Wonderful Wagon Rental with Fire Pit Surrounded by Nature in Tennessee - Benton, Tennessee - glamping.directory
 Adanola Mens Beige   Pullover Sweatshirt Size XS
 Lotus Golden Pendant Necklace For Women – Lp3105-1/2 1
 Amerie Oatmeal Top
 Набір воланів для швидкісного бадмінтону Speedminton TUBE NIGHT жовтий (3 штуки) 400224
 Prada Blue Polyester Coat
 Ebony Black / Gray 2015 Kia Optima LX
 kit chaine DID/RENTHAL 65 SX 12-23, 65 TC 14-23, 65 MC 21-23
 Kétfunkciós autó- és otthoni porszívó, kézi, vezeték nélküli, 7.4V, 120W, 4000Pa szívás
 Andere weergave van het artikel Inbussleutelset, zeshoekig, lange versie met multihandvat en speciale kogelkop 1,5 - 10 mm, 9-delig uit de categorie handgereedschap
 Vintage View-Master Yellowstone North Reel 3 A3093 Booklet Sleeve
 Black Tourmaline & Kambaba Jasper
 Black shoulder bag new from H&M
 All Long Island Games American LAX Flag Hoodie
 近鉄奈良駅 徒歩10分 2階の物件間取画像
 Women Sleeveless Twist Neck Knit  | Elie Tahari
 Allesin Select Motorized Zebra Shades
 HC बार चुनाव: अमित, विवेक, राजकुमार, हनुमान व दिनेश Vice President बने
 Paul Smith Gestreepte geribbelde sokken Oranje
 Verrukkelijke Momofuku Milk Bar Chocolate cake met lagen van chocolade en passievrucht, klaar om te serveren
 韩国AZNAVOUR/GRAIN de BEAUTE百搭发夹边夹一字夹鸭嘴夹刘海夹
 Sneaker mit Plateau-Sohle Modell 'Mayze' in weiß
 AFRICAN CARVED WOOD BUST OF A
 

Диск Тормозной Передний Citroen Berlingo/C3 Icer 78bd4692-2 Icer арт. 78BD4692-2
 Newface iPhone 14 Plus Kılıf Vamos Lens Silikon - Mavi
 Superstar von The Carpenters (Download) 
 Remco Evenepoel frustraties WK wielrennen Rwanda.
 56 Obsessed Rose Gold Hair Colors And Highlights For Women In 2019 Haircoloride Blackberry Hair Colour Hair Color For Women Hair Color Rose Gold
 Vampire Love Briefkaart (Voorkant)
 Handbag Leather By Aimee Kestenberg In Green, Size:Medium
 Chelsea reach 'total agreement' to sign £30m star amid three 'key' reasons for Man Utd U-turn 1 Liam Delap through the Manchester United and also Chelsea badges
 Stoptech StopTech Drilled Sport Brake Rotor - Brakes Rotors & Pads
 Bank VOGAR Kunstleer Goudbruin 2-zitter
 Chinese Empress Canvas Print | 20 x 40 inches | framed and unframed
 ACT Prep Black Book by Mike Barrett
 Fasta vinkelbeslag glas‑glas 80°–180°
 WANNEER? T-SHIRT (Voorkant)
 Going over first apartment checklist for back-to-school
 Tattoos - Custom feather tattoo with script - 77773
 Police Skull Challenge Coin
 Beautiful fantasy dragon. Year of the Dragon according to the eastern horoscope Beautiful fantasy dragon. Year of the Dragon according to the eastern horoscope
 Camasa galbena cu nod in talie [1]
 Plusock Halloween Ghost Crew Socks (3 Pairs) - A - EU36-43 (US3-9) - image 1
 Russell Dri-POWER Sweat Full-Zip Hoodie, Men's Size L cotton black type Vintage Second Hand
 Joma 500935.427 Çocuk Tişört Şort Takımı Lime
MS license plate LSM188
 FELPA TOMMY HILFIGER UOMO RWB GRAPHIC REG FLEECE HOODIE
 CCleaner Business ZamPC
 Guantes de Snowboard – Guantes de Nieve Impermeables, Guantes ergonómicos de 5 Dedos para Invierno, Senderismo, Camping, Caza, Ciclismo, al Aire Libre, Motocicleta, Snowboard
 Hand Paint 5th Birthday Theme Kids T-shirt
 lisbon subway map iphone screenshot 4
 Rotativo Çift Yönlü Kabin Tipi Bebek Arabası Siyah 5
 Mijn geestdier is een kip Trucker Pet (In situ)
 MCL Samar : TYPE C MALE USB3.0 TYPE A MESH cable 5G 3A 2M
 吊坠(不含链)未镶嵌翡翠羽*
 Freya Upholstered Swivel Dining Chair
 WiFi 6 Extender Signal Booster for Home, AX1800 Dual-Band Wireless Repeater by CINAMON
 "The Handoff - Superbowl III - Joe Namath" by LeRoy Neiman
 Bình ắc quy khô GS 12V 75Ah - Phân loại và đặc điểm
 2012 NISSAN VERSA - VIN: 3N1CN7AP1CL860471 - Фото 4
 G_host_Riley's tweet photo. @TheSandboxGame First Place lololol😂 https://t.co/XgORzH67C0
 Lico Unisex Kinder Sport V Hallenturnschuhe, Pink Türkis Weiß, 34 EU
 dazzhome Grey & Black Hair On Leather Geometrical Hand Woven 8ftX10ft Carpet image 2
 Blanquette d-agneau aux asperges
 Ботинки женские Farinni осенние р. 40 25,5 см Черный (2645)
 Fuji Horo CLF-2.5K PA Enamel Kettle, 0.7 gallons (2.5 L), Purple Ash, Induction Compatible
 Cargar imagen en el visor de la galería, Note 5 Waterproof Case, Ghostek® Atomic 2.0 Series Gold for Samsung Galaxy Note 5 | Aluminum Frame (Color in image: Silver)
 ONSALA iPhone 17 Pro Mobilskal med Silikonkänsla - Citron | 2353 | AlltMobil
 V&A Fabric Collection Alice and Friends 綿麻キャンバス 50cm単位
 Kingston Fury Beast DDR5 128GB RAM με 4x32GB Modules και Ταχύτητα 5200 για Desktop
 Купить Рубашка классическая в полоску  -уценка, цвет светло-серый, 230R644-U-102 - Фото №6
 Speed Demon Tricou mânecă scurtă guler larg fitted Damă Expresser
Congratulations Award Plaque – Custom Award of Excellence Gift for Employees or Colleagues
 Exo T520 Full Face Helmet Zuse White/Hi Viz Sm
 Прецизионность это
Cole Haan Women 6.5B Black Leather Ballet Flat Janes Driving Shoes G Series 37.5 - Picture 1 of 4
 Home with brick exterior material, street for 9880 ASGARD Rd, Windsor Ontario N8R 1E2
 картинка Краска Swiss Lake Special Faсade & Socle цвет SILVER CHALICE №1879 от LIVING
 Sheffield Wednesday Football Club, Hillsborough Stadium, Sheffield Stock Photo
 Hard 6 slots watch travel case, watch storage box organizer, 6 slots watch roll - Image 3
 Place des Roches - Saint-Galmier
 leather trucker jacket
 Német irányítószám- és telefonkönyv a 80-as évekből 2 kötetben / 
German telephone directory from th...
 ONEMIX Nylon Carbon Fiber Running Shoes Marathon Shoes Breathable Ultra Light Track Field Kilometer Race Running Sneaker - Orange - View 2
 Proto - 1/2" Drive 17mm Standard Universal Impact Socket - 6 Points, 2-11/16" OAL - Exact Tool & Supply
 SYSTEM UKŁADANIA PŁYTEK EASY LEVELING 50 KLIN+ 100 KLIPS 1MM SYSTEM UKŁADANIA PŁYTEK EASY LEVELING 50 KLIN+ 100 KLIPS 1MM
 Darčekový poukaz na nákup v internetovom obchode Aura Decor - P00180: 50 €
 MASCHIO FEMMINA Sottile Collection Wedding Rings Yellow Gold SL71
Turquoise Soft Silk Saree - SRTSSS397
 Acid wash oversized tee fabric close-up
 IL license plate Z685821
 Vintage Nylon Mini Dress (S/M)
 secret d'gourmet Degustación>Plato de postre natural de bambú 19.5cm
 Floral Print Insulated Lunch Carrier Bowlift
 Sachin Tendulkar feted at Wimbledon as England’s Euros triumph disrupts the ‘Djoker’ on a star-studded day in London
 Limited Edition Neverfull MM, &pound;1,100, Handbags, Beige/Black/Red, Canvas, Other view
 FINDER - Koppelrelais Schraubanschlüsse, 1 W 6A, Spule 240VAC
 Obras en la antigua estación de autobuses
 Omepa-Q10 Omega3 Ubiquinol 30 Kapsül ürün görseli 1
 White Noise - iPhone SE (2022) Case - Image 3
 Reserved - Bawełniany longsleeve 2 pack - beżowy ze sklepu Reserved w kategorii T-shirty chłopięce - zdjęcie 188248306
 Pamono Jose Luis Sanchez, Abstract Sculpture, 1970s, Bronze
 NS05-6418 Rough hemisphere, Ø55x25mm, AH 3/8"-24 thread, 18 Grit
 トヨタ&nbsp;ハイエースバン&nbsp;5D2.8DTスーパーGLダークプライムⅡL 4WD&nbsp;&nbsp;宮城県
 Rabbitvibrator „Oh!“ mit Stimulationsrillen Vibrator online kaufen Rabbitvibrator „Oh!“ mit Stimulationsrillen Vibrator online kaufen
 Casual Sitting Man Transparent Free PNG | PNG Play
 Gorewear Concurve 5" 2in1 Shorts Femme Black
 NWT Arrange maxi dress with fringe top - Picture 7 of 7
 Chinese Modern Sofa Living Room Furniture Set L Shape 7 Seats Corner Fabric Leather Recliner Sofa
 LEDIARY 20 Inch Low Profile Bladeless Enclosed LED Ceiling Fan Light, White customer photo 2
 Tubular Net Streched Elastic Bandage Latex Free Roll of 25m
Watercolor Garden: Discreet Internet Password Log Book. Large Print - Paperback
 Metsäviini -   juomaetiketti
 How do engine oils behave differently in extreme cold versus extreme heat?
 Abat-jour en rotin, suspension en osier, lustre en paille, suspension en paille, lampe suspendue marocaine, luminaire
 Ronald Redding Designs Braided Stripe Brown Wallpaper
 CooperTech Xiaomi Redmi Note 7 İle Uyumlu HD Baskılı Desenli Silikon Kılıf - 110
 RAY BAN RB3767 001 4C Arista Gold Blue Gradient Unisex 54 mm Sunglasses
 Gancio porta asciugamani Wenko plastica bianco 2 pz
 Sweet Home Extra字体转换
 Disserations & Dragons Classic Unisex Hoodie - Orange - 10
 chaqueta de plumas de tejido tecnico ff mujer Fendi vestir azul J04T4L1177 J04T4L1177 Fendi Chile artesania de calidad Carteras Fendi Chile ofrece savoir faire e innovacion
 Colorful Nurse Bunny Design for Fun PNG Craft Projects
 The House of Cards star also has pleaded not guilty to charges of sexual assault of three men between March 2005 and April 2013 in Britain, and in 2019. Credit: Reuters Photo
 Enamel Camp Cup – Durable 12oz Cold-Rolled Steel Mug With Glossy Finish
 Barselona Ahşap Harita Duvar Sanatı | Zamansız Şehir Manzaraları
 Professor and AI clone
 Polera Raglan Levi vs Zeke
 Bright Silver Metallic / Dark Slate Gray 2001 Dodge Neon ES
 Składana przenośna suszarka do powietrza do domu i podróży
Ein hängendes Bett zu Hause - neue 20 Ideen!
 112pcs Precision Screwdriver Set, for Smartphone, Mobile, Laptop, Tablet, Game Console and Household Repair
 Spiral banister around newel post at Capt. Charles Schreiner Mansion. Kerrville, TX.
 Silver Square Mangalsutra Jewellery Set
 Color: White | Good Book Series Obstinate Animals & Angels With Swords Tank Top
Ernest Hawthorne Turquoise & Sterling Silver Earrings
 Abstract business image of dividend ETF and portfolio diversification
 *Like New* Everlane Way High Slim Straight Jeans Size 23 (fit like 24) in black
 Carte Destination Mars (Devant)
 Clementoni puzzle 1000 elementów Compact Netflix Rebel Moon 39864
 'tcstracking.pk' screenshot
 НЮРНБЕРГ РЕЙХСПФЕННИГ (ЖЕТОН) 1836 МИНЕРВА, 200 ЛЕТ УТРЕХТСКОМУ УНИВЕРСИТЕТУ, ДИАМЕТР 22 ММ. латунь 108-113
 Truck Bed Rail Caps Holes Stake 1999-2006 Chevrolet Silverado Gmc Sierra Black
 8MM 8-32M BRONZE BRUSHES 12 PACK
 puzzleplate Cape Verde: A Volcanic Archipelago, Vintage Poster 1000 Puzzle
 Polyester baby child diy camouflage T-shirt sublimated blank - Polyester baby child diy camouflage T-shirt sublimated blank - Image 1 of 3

########################################

» **Exercise**
Output exactly the lines of the material above from the one containing "Cole Haan Women" up to and including the one containing "Place des Roches - Saint-Galmier".

» **Expected answer**
Cole Haan Women 6.5B Black Leather Ballet Flat Janes Driving Shoes G Series 37.5 - Picture 1 of 4
 Home with brick exterior material, street for 9880 ASGARD Rd, Windsor Ontario N8R 1E2
 картинка Краска Swiss Lake Special Faсade & Socle цвет SILVER CHALICE №1879 от LIVING
 Sheffield Wednesday Football Club, Hillsborough Stadium, Sheffield Stock Photo
 Hard 6 slots watch travel case, watch storage box organizer, 6 slots watch roll - Image 3
 Place des Roches - Saint-Galmier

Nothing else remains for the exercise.